EXERCISE INSTRUCTIONS. A word-for-word copy of the entries is needed, and it should contain no images.

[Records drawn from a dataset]
BEGIN
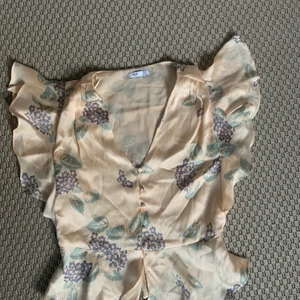 Blus  - Superfin blus från mango, finns inte kvar längre. Säljer för den är för liten för mig. Helt oanvänd och tror någon annan kommer få mer användning av den :)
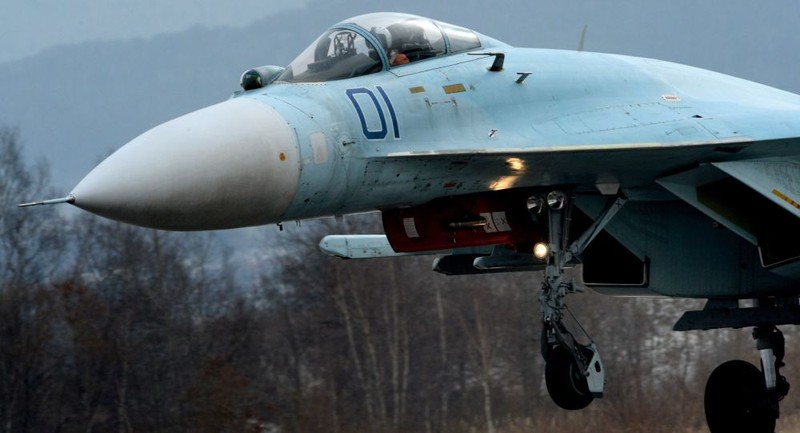 Nhin mat Sukhoi Su-27 danh chan may bay do tham My-Hinh-5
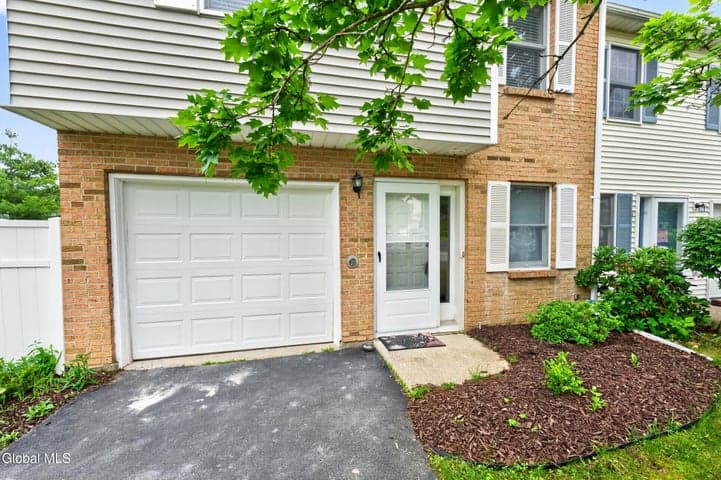 20 Bridgewood Lane, Colonie, NY, photo 2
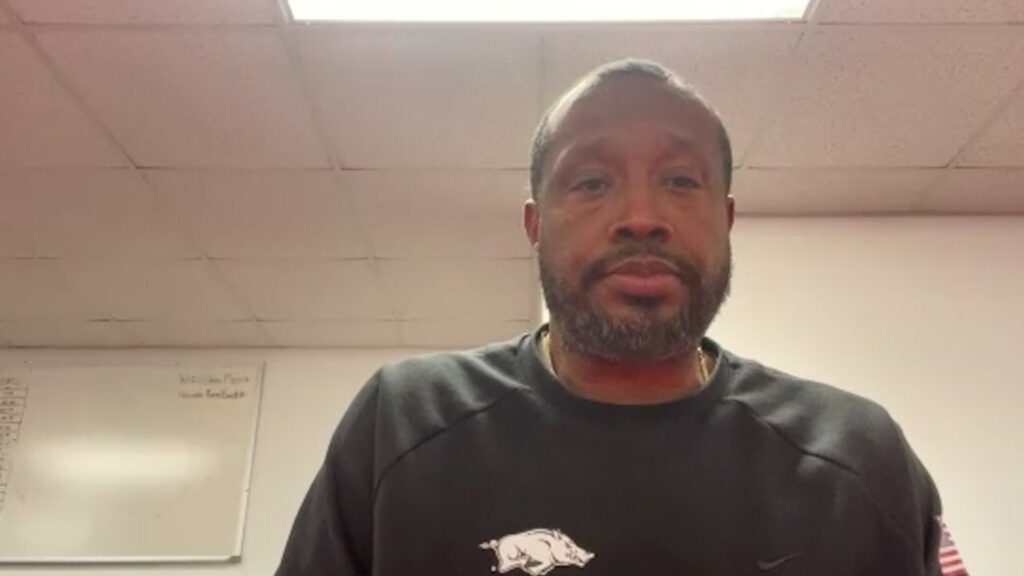 WATCH: Chris Johnson and Doug Case preview Razorback Invitational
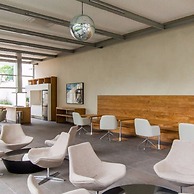 Vila Nova Amazing 1-bedroom in Vila Nova Concei o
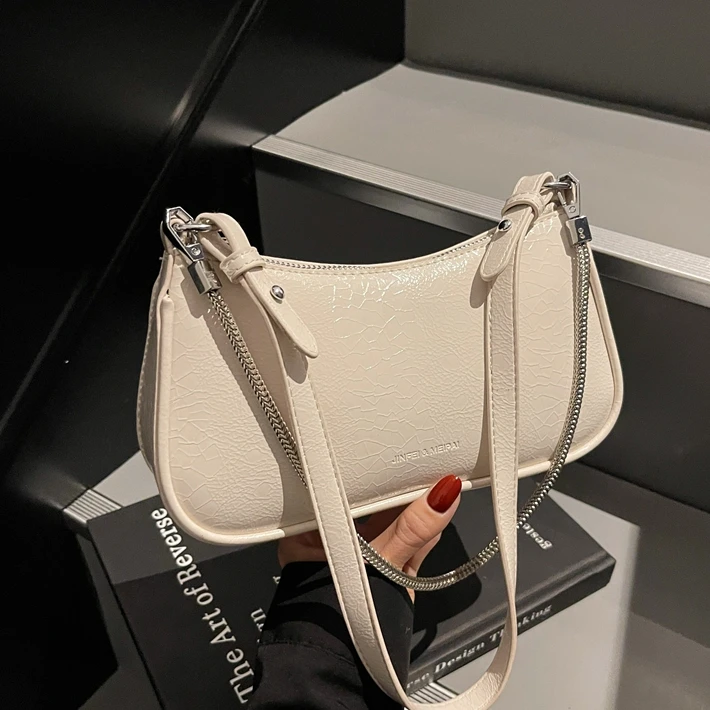 法式小众复古腋下包包女2025新款手提高级感法棍包单肩斜挎包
END
ANSWER BOX.
 Blus  - Superfin blus från mango, finns inte kvar längre. Säljer för den är för liten för mig. Helt oanvänd och tror någon annan kommer få mer användning av den :)
 Nhin mat Sukhoi Su-27 danh chan may bay do tham My-Hinh-5
 20 Bridgewood Lane, Colonie, NY, photo 2
 WATCH: Chris Johnson and Doug Case preview Razorback Invitational
 Vila Nova Amazing 1-bedroom in Vila Nova Concei o
 法式小众复古腋下包包女2025新款手提高级感法棍包单肩斜挎包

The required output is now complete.